When you and your spouse agreed to divorce, one of the issues that you wanted to make sure you covered was how much debt you’d end up being left with. Many of the debts you carry were taken out for the benefit of your spouse, so if you won’t see the results of the debts in terms of a higher income later or a payoff from their business increasing your marital income, then you don’t think you should have to cover them.
It is reasonable to discuss debts that you took out together and what they were for when deciding how to divide them. For example, if you took out loans for your spouse’s vehicle, schooling or business expenses, you may want to negotiate to have them repay those debts, since you won’t benefit from them in the longer term.
You might negotiate a reasonable share of marital debts based on your income or who benefitted the most from them. For instance, if you have $2,000 on a shared credit card that is primarily made up of purchases you made for your own clothing or accessories, you may reasonably state that you’ll take those debts in exchange for not taking on debts that were for your spouse’s benefit.
While many married couples do split their debts 50/50, this isn’t necessarily required. If you earn less than your spouse or took out those loans or debts to further your spouse’s schooling or career, then it might be reasonable to ask that they cover a larger portion of the debt than you.
What can you do if your spouse wants to divide your debts 50/50?

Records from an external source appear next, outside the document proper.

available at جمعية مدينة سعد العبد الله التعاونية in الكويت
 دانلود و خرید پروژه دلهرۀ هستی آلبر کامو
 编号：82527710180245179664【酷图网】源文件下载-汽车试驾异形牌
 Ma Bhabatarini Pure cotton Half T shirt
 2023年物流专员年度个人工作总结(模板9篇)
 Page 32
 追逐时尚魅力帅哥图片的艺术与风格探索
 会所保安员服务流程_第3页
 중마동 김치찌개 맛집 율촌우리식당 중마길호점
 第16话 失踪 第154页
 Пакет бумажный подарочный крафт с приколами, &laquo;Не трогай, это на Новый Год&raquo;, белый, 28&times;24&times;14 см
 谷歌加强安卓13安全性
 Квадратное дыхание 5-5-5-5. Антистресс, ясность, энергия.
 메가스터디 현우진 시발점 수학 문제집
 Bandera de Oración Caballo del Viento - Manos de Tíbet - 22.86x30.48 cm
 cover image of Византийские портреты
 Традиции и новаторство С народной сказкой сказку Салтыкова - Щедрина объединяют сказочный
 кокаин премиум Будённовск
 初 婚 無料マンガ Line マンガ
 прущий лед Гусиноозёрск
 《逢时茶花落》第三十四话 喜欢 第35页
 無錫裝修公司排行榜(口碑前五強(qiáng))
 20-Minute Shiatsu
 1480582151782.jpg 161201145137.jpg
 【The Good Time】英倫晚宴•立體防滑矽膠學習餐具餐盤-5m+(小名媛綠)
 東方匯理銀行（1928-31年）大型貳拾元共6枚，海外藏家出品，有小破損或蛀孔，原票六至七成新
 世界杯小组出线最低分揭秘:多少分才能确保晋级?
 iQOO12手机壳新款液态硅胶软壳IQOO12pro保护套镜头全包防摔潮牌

In Illinois, debts are divided based on equitable distribution standards. That means that they should not necessarily be divided 50/50 if you can show that all things are not equal.
Factors like your economic circumstances, how your marriage did or did not benefit from the debt and others may help determine who should take on the debts and how they should be divided. You won’t necessarily get stuck with half of the bill as long as you are able to show why you shouldn’t have to pay.